5. A droplet break up device according to claim 1, wherein the outlet channel is in the interval of 2-500 micron.

6. A droplet break up device according to claim 1, wherein the outlet channel length is in the interval of 0.1-3 millimeter.

7. A method of colliding droplets from a fluid jet ejected from a continuous printer, comprising:

generating a continuous stream of first droplets from a fluid jet; and

generating second droplets for colliding the second droplets into the first droplets;

wherein the second droplets are selectively ejected and collided with a predefined first droplet.

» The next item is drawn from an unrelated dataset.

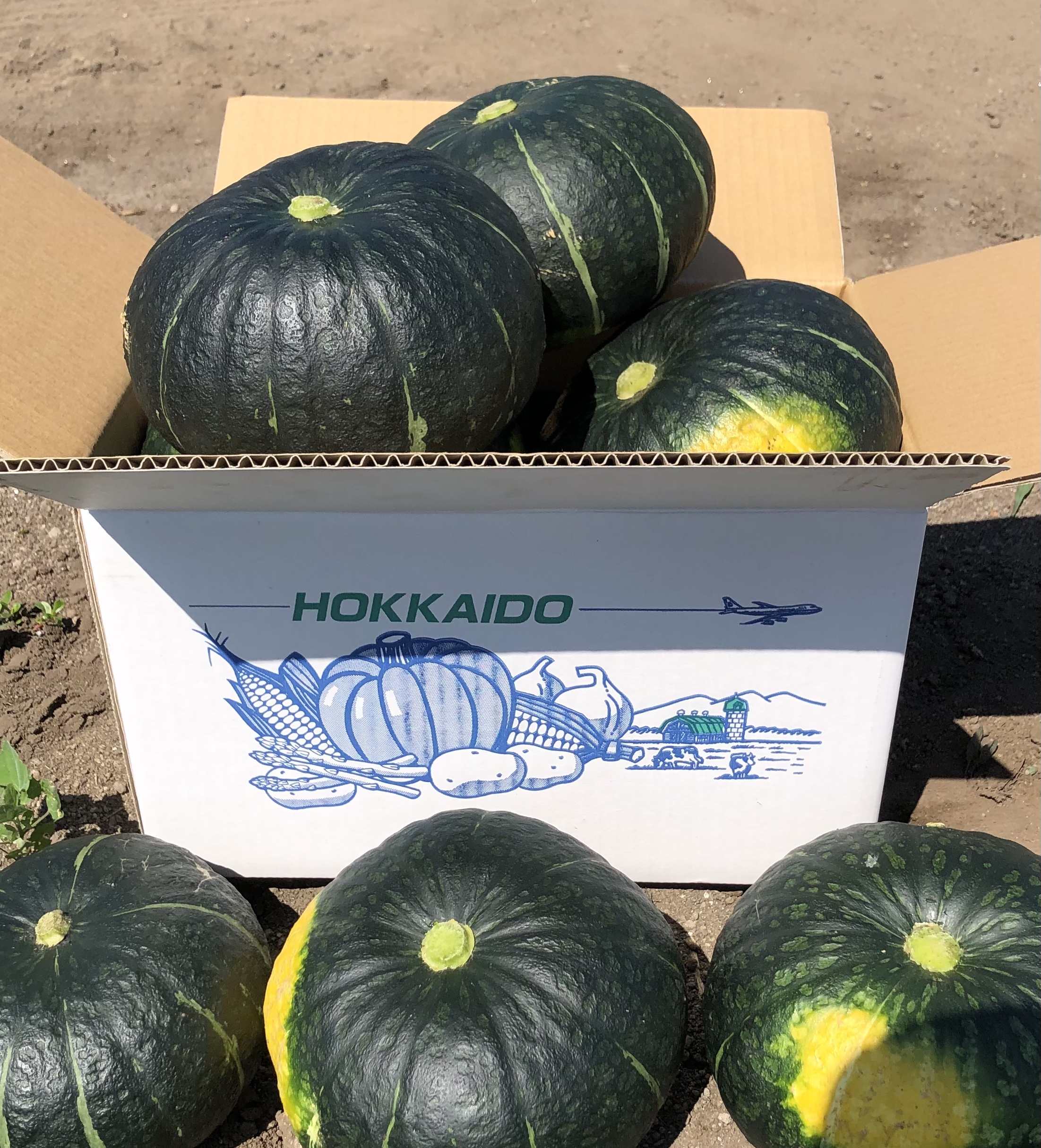 三重県伊賀上野産 農薬も肥料もなし自然に育ったロロンかぼちゃ約4.5 ...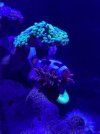 IMG_3722.jpeg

8. A droplet collision method according to claim 7 wherein said first and second droplets are collided so as to selectively deflect the first droplets from a predefined printing trajectory.

9. A droplet collision method according to claim 7, wherein said first and second droplets are collided off-axis to result in bouncing of said first and second droplets.

10. A method according to claim 9 whereby these first and second droplets are separately returned for recycling.

11. A method according to claim 7, wherein the first and second droplets are formed from an isolating printing material or a printing material with low electrical conductivity, below 500 mS/cm.

12. A method according to claim 7, wherein the first droplets are of a material having a viscosity up to 900570 mPa·s.

13. A method according to claim 7, wherein the first droplets are of a material having a viscosity ranging between 300-900·10−3 Pa·s and wherein the second droplets are of a material having a viscosity lower than 300▪·10−3 Pa·s.

14. A method according to claim 13, wherein collided droplets are received and demixed.

15. A method according to claim 7, wherein a droplet frequency of the continuous stream is higher than 2 kHz.

16. A droplet break up device according to claim 1, wherein the outlet channel is in the interval of 5-250 micron.

17. A droplet break up device according to claim 1, wherein the outlet channel is in the interval of 5-100 micron.

18. A method according to claim 7, wherein a droplet frequency of the continuous stream is in the range of 5-150 kHz.

19. A method according to claim 7, wherein a droplet frequency of the continuous stream is in the range of 10-70 kHz.